Actions of alibaba (Slime 6.81%), jd.com (JD 6.08%)Y bilibili (BILI 9.88%) rose sharply on Tuesday, up 6.6%, 6.6% and 9.3%, respectively, at 1:51 pm ET, during a relatively flat session for US markets.

Like other risk assets, Chinese stocks have sold off heavily in recent days. However, they have been doing better than US tech stocks lately. This is largely because they already collapsed last year amid a regulatory crackdown from Beijing. However, with Chinese authorities signaling an end to that crackdown, investor optimism about major Chinese cities reopening from their latest pandemic-driven lockdowns, and a more relaxed fiscal environment, Chinese stocks rose again on Tuesday. .

And that

On Friday, a worse-than-anticipated rise in the US Consumer Price Index stoked investor fears that the Federal Reserve may raise interest rates faster and harder than previously expected. . This was followed on Tuesday by a Producer Price Index report that showed a 10.8% year-on-year rise in May. Although that was a tenth of a percentage point lower than the April increase, it is still a very high number, indicating that inflation may not moderate any time soon.

However, while the US can expect more rate hikes, in China, the government is easing financial conditions, not tightening them, as growth has slowed and companies have cut their workforce in the wake of the crackdown. technology and COVID lockdowns. In May, the country cut a key interest rate in an effort to lower mortgage rates.

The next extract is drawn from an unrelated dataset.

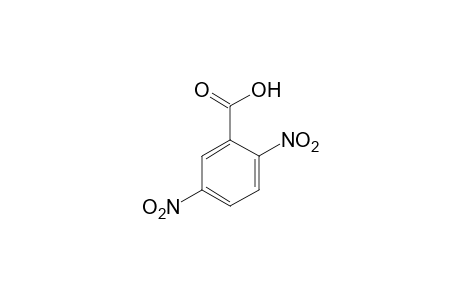 Benzoic acid, 2,5-dinitro-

After China’s housing bubble burst last summer, the authorities and its central bank are changing course and working to promote economic growth.

Given that investors around the world seem to be focused on central bank stocks at the moment, it is perhaps not surprising that money managers who can invest abroad are selling stocks in developed markets and “buying the dip” in the hit Chinese tech sector.

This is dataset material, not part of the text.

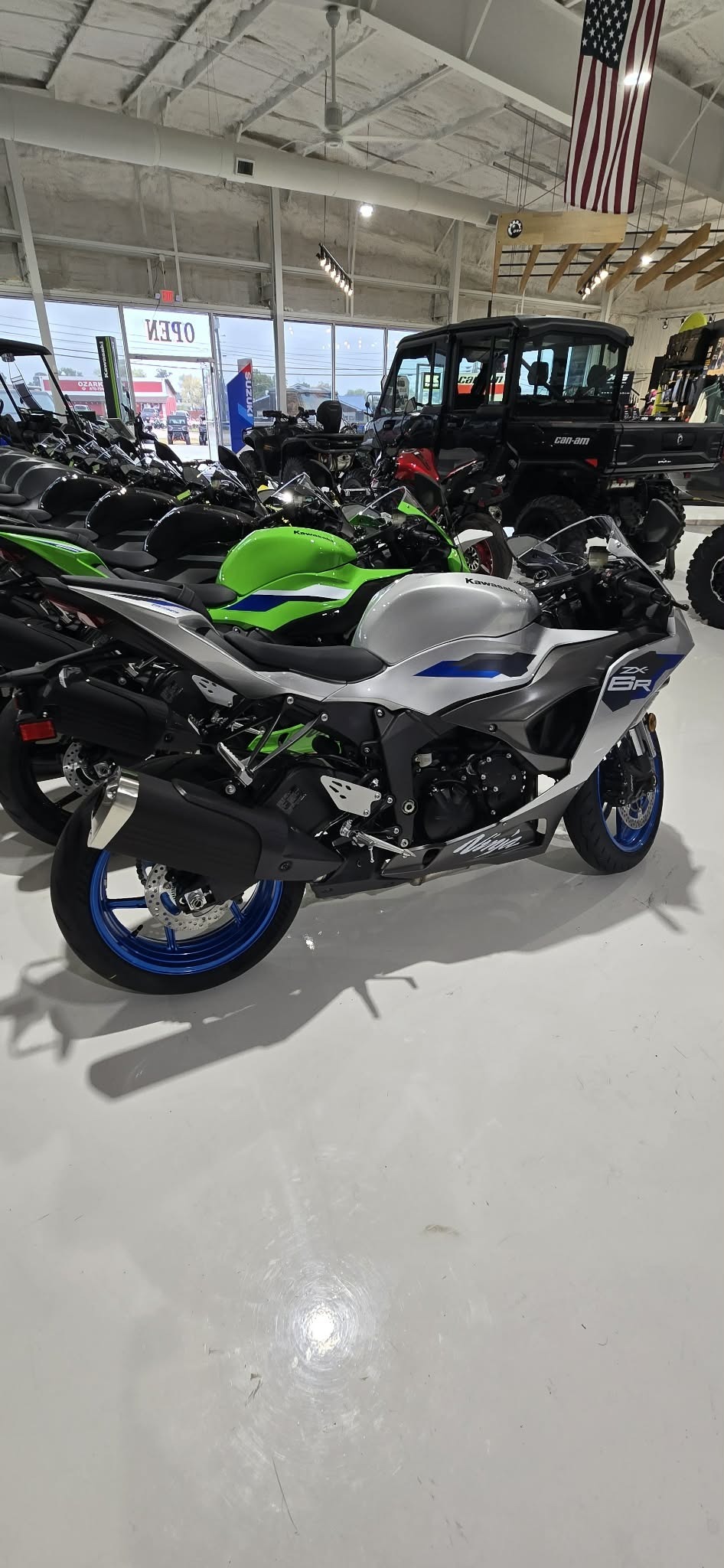 2027 Kawasaki Ninja® ZX™-6R ABS in mountain home AR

Additionally, each of these tech companies, while not reporting big numbers in absolute terms relative to their track record, beat all expectations for first-quarter revenue growth. While Bilibili fell short of its earnings expectations, Alibaba and JD.com also exceeded those expectations.

Now what

To be sure, Chinese tech stocks look cheap, especially as the country’s middle class continues to grow and consumer spending rises in what has traditionally been a manufacturing-based economy. However, investors should not necessarily expect a big rebound to pre-crash levels of growth or earnings.

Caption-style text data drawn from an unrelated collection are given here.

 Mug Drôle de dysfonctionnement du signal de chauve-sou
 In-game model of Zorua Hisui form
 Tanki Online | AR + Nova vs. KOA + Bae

New Chinese government regulations must remain in place, limiting the ability of market leaders to behave anti-competitively (for example, Alibaba’s forced exclusivity policy on its third-party merchants). Meanwhile, there is talk that the Chinese government could acquire 1% positions in several leading companies and take a more proactive role in its business decisions. While that could prevent those tech companies from running afoul of the government’s agenda (and thus help them avoid further fines), it could also limit their prospects for innovation and growth.

I wouldn’t be surprised if Chinese stocks rebound again and outperform US stocks in the short term. In the longer term, however, investors may have to contend with unpredictable regulatory actions by the Chinese government, as well as the prospect of rising geopolitical tensions between the US and China. The value of Chinese stocks may be such that it is worth allocating a portion of the portfolio to them. However, they belong in your “high risk” basket, especially when compared to more defensive US tech giants.